--- Exercise input ---
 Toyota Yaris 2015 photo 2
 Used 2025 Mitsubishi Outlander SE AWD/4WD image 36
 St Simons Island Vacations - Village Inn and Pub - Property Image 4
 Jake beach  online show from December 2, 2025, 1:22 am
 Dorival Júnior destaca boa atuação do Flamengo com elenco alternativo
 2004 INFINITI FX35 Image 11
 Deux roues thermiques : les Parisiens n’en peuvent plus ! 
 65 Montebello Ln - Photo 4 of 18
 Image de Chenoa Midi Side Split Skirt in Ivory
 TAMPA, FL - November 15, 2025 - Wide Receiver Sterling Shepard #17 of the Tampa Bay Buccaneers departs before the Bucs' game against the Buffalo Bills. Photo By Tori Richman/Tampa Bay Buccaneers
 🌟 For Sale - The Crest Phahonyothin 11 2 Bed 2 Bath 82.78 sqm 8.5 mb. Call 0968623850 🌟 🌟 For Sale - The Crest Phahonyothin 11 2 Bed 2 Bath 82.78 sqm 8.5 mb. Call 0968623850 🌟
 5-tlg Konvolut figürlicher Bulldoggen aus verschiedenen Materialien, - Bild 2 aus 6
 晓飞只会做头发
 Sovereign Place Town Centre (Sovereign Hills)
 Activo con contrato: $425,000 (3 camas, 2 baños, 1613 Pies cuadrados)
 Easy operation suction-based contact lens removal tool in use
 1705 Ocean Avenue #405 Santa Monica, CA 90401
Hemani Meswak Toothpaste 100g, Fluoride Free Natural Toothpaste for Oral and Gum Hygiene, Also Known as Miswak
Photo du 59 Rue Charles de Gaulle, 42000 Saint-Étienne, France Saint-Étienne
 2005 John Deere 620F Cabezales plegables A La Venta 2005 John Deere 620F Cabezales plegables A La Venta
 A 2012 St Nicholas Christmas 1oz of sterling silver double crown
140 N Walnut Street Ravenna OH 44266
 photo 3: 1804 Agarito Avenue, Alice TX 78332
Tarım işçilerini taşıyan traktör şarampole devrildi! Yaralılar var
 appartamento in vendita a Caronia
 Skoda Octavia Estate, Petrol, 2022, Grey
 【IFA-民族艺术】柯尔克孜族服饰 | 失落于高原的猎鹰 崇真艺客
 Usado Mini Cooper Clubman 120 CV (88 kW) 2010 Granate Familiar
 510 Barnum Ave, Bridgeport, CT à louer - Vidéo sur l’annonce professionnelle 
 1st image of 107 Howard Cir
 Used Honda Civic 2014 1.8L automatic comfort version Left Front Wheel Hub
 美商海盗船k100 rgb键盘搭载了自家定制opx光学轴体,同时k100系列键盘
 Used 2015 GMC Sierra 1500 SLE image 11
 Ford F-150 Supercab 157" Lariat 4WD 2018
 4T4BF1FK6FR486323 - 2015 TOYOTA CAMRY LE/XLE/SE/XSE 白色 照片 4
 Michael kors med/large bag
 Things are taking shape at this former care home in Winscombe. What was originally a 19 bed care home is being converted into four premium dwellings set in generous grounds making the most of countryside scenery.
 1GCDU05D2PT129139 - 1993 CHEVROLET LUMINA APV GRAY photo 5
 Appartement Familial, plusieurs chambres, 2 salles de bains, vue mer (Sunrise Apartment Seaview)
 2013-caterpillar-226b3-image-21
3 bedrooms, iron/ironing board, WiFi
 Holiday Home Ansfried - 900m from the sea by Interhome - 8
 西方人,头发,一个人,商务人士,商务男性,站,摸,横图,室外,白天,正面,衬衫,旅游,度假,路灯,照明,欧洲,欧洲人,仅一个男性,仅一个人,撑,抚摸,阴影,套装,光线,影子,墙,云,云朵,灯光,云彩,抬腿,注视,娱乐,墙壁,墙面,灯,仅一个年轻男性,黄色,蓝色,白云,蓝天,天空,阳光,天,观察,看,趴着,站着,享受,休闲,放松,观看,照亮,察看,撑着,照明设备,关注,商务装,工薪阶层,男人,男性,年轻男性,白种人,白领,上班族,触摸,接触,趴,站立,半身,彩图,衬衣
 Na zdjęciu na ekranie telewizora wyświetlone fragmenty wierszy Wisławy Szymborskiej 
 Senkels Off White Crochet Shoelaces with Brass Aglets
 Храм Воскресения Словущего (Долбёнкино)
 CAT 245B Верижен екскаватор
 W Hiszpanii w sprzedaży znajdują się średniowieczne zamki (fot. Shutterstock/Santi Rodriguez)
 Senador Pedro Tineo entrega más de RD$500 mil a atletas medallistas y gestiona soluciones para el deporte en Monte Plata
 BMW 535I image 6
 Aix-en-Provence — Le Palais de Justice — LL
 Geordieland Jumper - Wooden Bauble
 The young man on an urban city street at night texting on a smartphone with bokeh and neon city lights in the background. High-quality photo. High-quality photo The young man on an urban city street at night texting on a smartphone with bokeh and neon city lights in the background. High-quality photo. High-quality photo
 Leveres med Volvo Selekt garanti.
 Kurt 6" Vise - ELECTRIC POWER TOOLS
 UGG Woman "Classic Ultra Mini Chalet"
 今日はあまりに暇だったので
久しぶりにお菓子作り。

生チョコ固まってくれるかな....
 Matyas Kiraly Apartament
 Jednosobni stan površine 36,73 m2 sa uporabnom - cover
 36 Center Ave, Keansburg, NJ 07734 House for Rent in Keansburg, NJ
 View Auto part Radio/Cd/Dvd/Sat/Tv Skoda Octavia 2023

--- Your assignment ---
Exactly how many lines in the material above mention the word "Avenue"? Give the number and nothing besides.

--- Solution to this problem ---
2